Romo Muhammad Syafi’i, Wakil Menteri Agama, mengatakan Perpres tersebut mencantumkan penyebaran perilaku LGBTQ sebagai salah satu ancaman nonmiliter terhadap pertahanan negara.
“Karena ini terkait nilai dan martabat kemanusiaan. Perpres Nomor 111 Tahun 2025 mencantumkan bahwa penyebaran perilaku LGBTQ sebagai ancaman nonmiliter terhadap pertahanan negara,” ujar Romo Muhammad Syafi’i Wamenag di Jakarta, Senin (6/7/2026), seperti dilaporkan Antara.

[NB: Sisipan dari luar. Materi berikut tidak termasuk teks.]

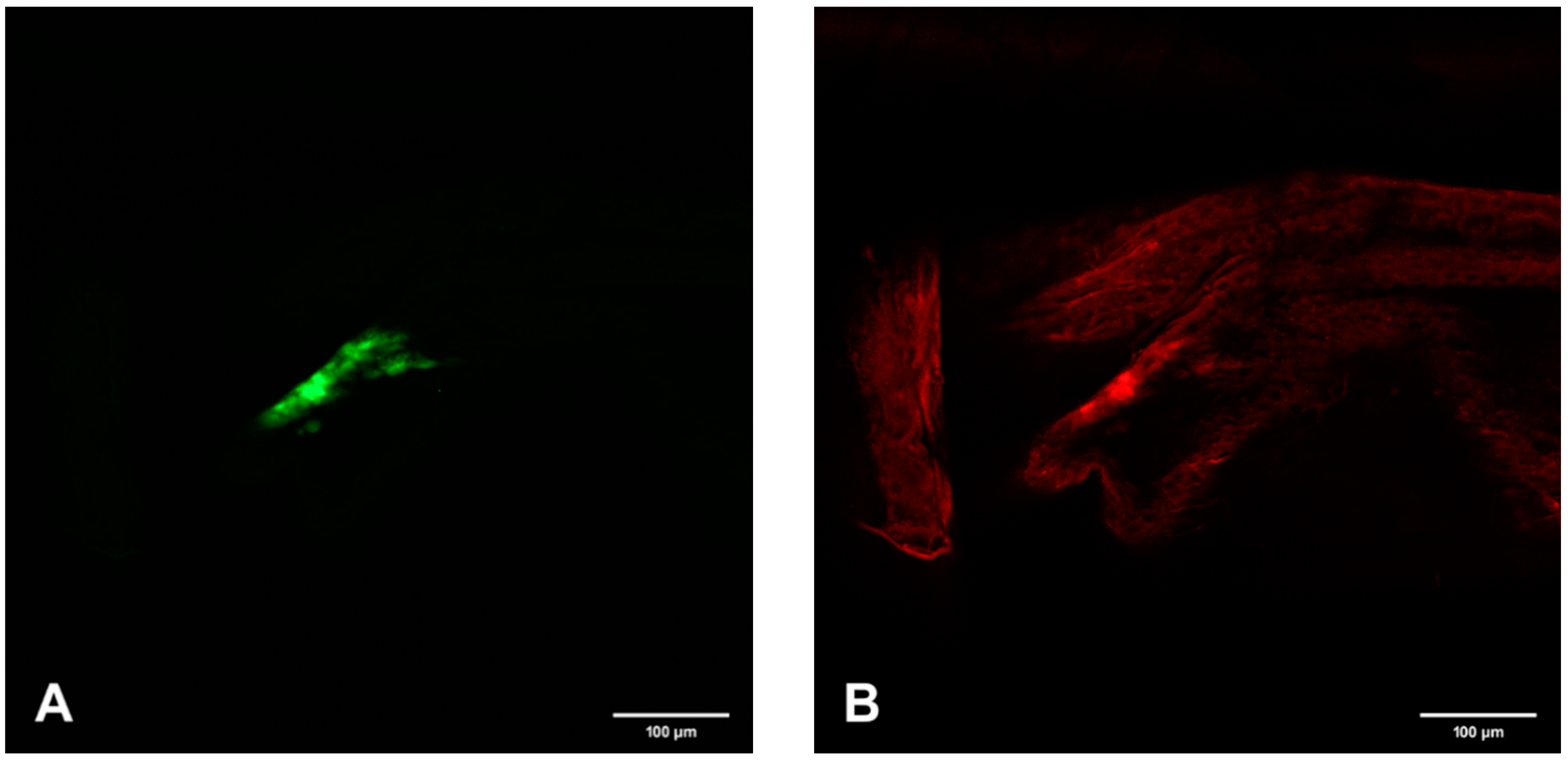 Viruses 12 00848 g005a Viruses 12 00848 g005a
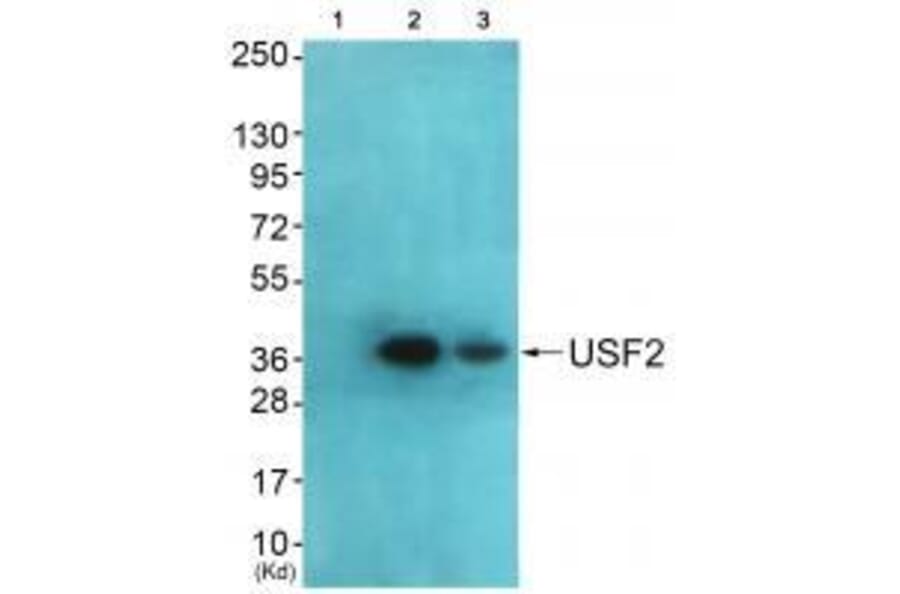 Western blot - USF2 Antibody from Signalway Antibody (33539) - Antibodies.com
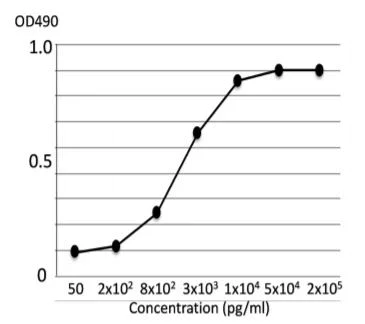 ELISA - Anti-COLEC11 antibody [821] (AB278063)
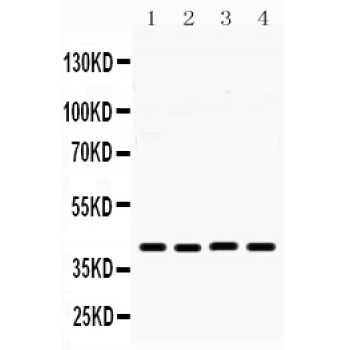 MICB Antibody - MICB antibody Western blot. All lanes: Anti MICB at 0.5 ug/ml. Lane 1: Rat Testis Tissue Lysate at 50 ug. Lane 2: SW620 Whole Cell Lysate at 40 ug. Lane 3: A549 Whole Cell Lysate at 40 ug. Lane 4: 22RV1 Whole Cell Lysate at 40 ug. Predicted band size: 43 kD. Observed band size: 43 kD.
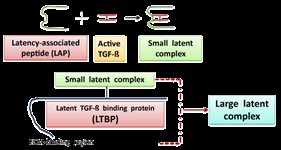 Latency Associated Peptide (LAP) (hu) product image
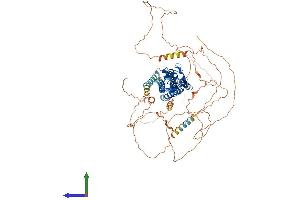 AlphaFold protein structure predicition of Human Recombinant PLPPR4 Protein, UniprotID Q7Z2D5 (LPPR4 Protein (AA 1-763) (His tag))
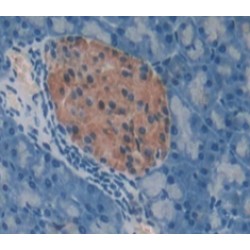 Lithostathine-1 (REG1A) Antibody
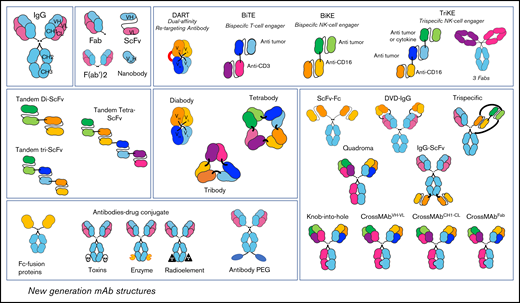 New-generation mAb structures. Because of biological engineering, multiple structures of antibodies exist today. Therapeutic mAb structures are increasingly humanized, some are only fragments (ScFv, nanobody), and others are combined with drugs such as toxins, enzymes, radioelements, or with chemicals like polyethylene glycol. There are also Abs able to bind 2 or 3 different targets at the same time named BiTE (bispecific T-cell engager), BiKE (bispecific NK-cell engager), TriKE (trispecific NK-cell engager), quadroma, Knob-into-hole, CrossMAbVH-VL, CrossMAbCH1-CL, CrossMAbFab, and dual variable domain IgG (DVD-IgG).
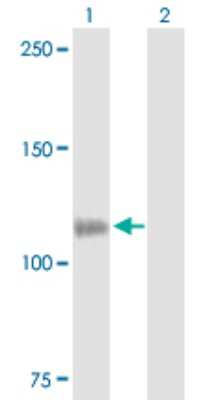 Western Blot: Common beta Chain Antibody [H00001439-B01P] - Analysis of CSF2RB expression in transfected 293T cell line by CSF2RB polyclonal antibody.  Lane 1: CSF2RB transfected lysate(96.20 KDa). Lane 2: Non-transfected lysate.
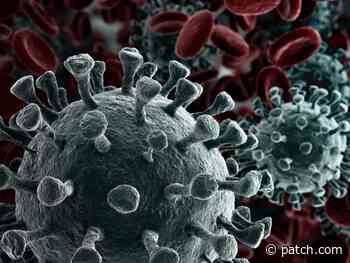 Average Daily Coronavirus Cases Keep Rising In Naugatuck - Patch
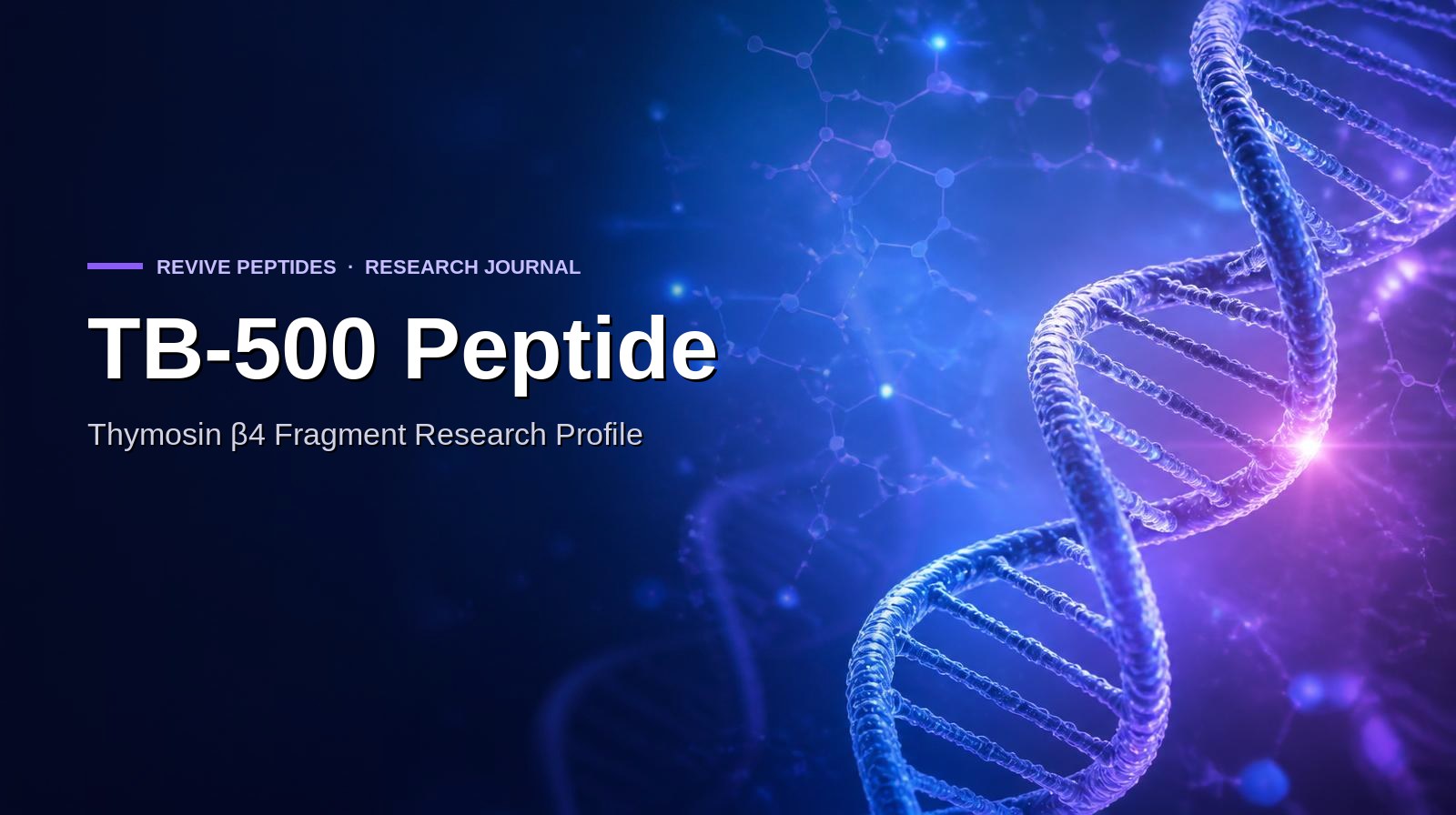 TB-500 Peptide: Thymosin β4 Fragment Research Profile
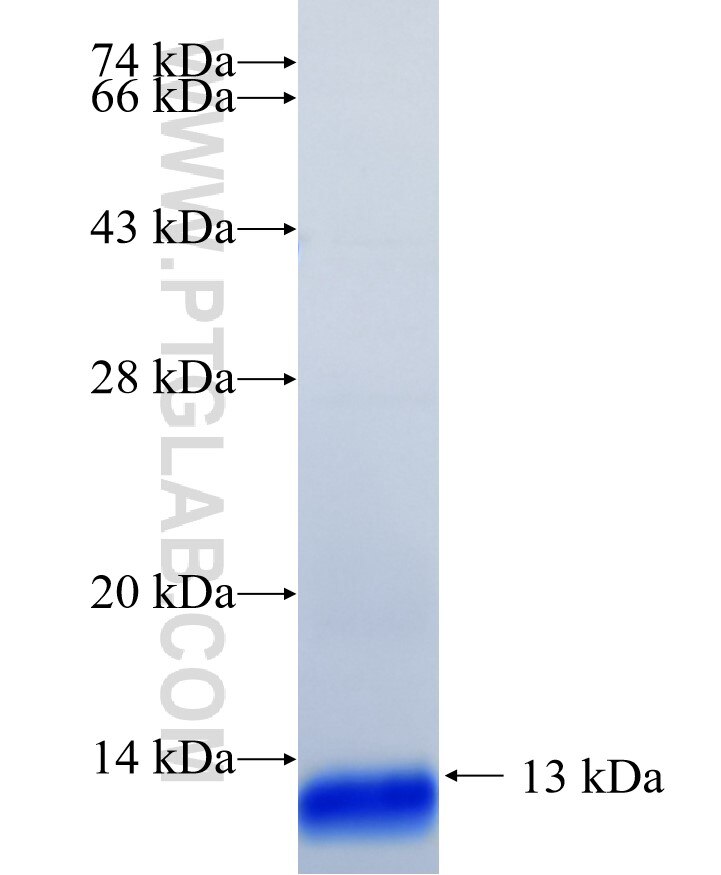 ELMO2 fusion protein Ag26974 SDS-PAGE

Menurut Romo, Kemenag perlu mengambil sikap jelas karena isu LGBTQ berkaitan dengan nilai agama, martabat kemanusiaan, pendidikan, dan ketahanan bangsa.
Sebagai lembaga yang menangani urusan keagamaan, Kemenag disebut memiliki tanggung jawab moral dan kelembagaan untuk menindaklanjuti amanah Perpres Nomor 111 Tahun 2025. Upaya pencegahan itu akan dilakukan melalui edukasi resmi yang mengacu pada nilai agama, Pancasila, dan Undang-Undang Dasar 1945.